B. I mean that an end SHOULD be an end. An end should be known as the last say. A direct end of the journey for everyone. If you quick reload to last choice and continue from there then that isn't really an end but just another facet of the ongoing story. But people don't realize this so they put a lot of bad ends which just, more than anything, break the immersion in the game because you're drawn back to the title screen and have to click your way back to the last choice. But if used properly this can be a very useful narrative tool. If you write a 'bad end' like its an ending, with a bad closure, then since it isn't really a bad closure it adds almost nothing other than irritation to the game. If you want to throw your player back to the title screen on purpose you should leave him with a question and leave him thinking about that 'end' he just saw so that when he returns to the main arc it'll have added something to the overall plot. Breaking immersion has been used as a narrative tool in various experimental theater like Brechtian theater and especially the films of the French New Wave but the way bad-ends do it is wrong.
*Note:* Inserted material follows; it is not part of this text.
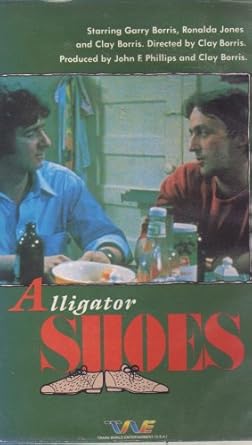 alligator shoes amazon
C. All these seem very arbitrary right? A choice is a choice. An end should be an end. The problem is that these are foundations that go unnoticed by many creators who seem to have an intuitive grasp of what a choice or an end is. What is a choice? If you define it its when the player is actually committed to ruminate over an action. It's a break in the plot to give a moment of contemplation as to the personality of the protagonist and the personality of the player and to commit an action based on these two elements. Which means it should be a rising up of who you are as a person and the context you have been revealed to so far. If the choice is 'go out with Heroine A, B or C' then all that rises out of you is a consideration of the aesthetic value of the three heroines. If Telltale Games makes a choice between choosing to save one of two people from a zombie horde then a lot of things will come into play based on the context. Some will make the choice base on which character they like better, others will make the choice based on which characters they think will be more useful in the context of a zombie apocalypse. Furthermore, the act of choosing is more important than the consequences of the choice. If the choice loops back to become meaningless its still a choice. What does this mean on the part of the player? It draws attention to his essential powerlessness. I think I went a bit more on this in an earlier comment. But when should choices be made to have similar consequences? 'Meaningless' choices are very dangerous weapons because they draw attention to the illusion of your Visual Novel though they can be used to put forward a very powerful message at certain moments. Control wrestled away from the player to make a point.
Donmai wrote:
TrickWithAKnife wrote:Rules are an illusion.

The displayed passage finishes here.